蒋介石率いる国民党軍に敗れた毛沢東率いる紅軍は、1934年10月、最後の中華ソビエト共和国の拠点であった江西省瑞金を放棄して、1万2500キロを徒歩で北西方向に向かった。これを「長征」という。
しかし中国全土に構築した革命根拠地はほとんど国民党軍に殲滅されて、唯一、習仲勲らが建設していた陝甘辺ソビエト政府だけが残っていた。
毛沢東一行が延安に到着したのは約1年後の1935年10月である。
もしあのとき、陝甘辺ソビエト政府という革命根拠地が残っていなかったら、毛沢東は長征の到着先を見つけることができず、共産党軍が国民党軍に勝利して中華人民共和国を建国することはできなかった。

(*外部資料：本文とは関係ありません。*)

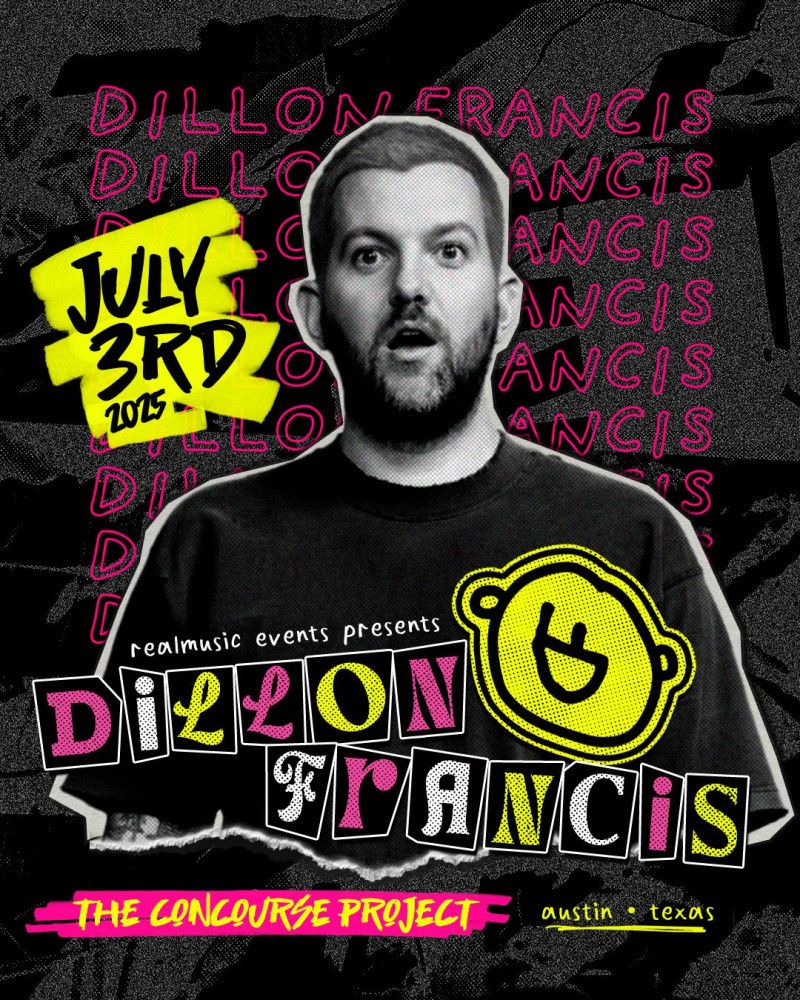 Dillon Francis at Encore Beach Club, 6 June | Event in Las Vegas | AllEvents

したがって、中華人民共和国が誕生したのは、習仲勲等のお陰である。
だから毛沢東は習仲勲に感謝し、習仲勲をこの上なく可愛がった。
習仲勲を「諸葛孔明よりもすごい」と褒めたたえたことさえある。
鄧小平は、それが怖かった。人一倍野心に燃えていた鄧小平は、このままでは自分が毛沢東の後継者になるチャンスはなくなると計算し、さまざまな陰謀をめぐらして習仲勲を失脚させ、16年間も軟禁や獄中生活を送らせるところに陥れてしまったのである。